Controversial penalty costly as Colts fall to Bills in OT

ORCHARD PARK, NY - DECEMBER 10: Nathan Peterman #2 of the Buffalo Bills is tackled by Margus Hunt #92 of the Indianapolis Colts during the first quarter on December 10, 2017 at New Era Field in Orchard Park, New York. (Photo by Brett Carlsen/Getty Images)

INDIANAPOLIS, Ind. – A game for the ages – the Ice Age, that is – was almost over.

Then it wasn’t. And the Indianapolis Colts were none-too-happy about it. They were officially eliminated from the playoffs – we know, that’s been a given – in large part by a controversial penalty on a clutch 2-point conversion attempt.

Jack Doyle was clutching the football on the left side of the end zone on a snowy Sunday at New Era Field with 1 minute, 16 seconds remaining. He was about to be engulfed by jubilant teammates after securing the 2-point pass from Jacoby Brissett.

Brissett was trotting back to the Indianapolis Colts’ bench after orchestrating a monster 19-play, 77-yard drive that consumed nearly 10 minutes and punctuating it with the required 2-point exclamation mark.

The Colts, seemingly with a snowball’s chance in you-know-where about a half-hour earlier, led 8-7.

Go ahead, celebrate like it was Christmas morning.

But . . .

Seconds, maybe a half-minute elapsed. Brissett stopped in his tracks.

The officials, after a delay, huddled. Referee Brad Allen announced “there was offensive pass interference, blocking downfield’’ on wideout Kamar Aiken. The go-ahead conversion was wiped out.

Adam Vinatieri went on to convert what was undoubtedly the most demanding PAT of his career, a 43-yarder that tried to stray to the right of the uprights, but finally curved inside the right post.

The game went into overtime, where the Colts would lose 13-7 when LeSean McCoy, who clearly wore the proper snow tires, squirted through the heart of Indy’s offense for a 21-yard touchdown with 1:33 remaining.

The run was the last of 32 for McCoy, who gashed the Colts for 156 yards.

But he never really should have had the opportunity.

The game could have been – should have been? – over with Doyle’s 2-pointer.

Receivers are allowed to block within 1 yard of the line of scrimmage on pass plays.

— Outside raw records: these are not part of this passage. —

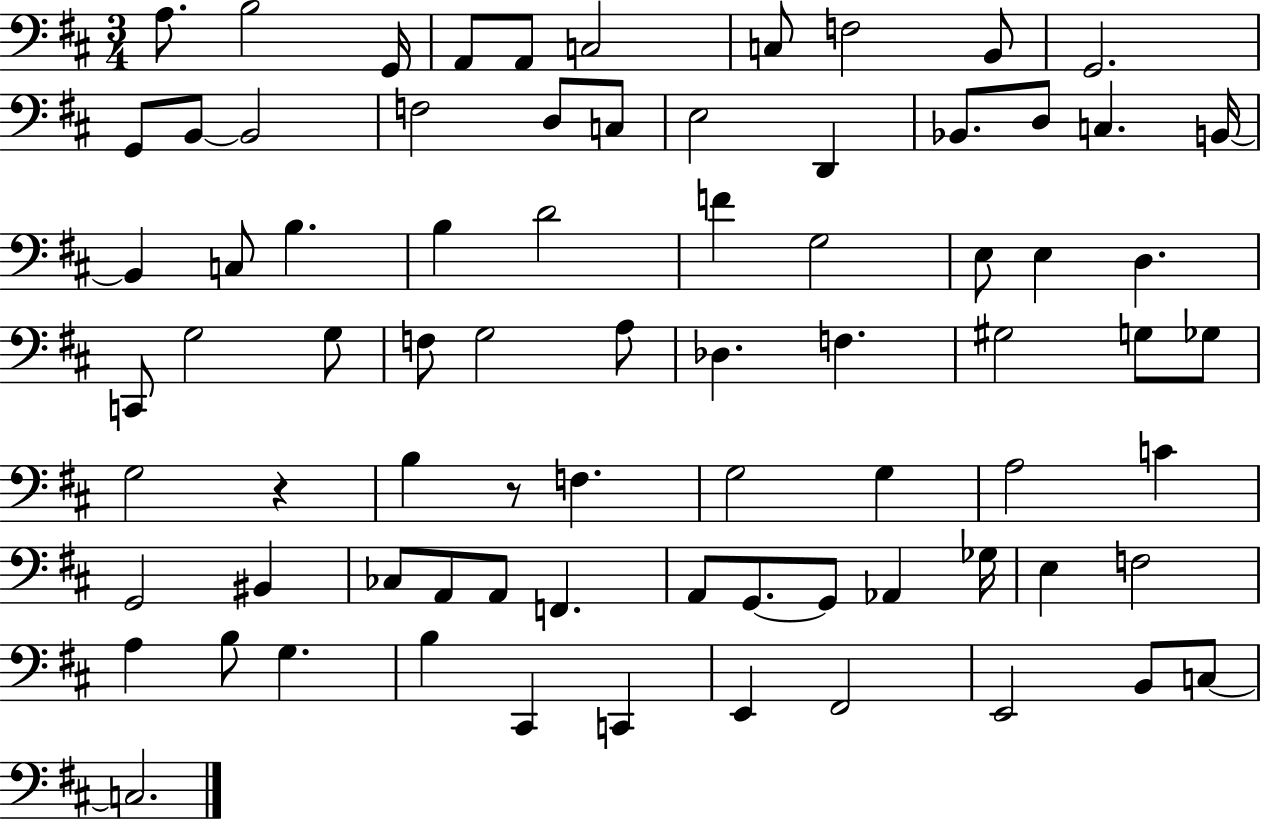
X:1
T:Untitled
M:3/4
L:1/4
K:D
A,/2 B,2 G,,/4 A,,/2 A,,/2 C,2 C,/2 F,2 B,,/2 G,,2 G,,/2 B,,/2 B,,2 F,2 D,/2 C,/2 E,2 D,, _B,,/2 D,/2 C, B,,/4 B,, C,/2 B, B, D2 F G,2 E,/2 E, D, C,,/2 G,2 G,/2 F,/2 G,2 A,/2 _D, F, ^G,2 G,/2 _G,/2 G,2 z B, z/2 F, G,2 G, A,2 C G,,2 ^B,, _C,/2 A,,/2 A,,/2 F,, A,,/2 G,,/2 G,,/2 _A,, _G,/4 E, F,2 A, B,/2 G, B, ^C,, C,, E,, ^F,,2 E,,2 B,,/2 C,/2 C,2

“He can. He can,’’ coach Chuck Pagano said after the game. “Until I see the tape . . . we’re on the 2-yard line and nobody can see any yard lines. I couldn’t tell where the ball was the whole day.’’

It didn’t help with the optics that the officials waited several seconds before a yellow penalty flag stood out on the white landscape.

“It was delayed, so I thought we had it,’’ Brissett said. “But that’s the ref’s call. They get paid, too.’’

The 2-point attempt was a thing of beauty, until it wasn’t.

Doyle was lined up to the left of the offensive line, a yard back. Aiken was split out several yards to his left. Brissett offered a solid play-fake to running back Marlon Mack, and then looked to his left.

Aiken had taken one step forward, turned to his right and shielded off safety Micah Hyde. That allowed Doyle to slip to the left side of the end zone with no one within 5 yards of him.

Stadium employees had shoveled off the goal line and Aiken didn’t approach the cleaned-off area.

According to reporters in the locker room, Aiken said the officials told him he blocked Hyde into the end zone. A look at the replay refutes that. Hyde’s feet never touched the shoveled area.

Aiken insisted his block was legal. The Colts most certainly will send in that play to the NFL office for review, and the reply won’t matter.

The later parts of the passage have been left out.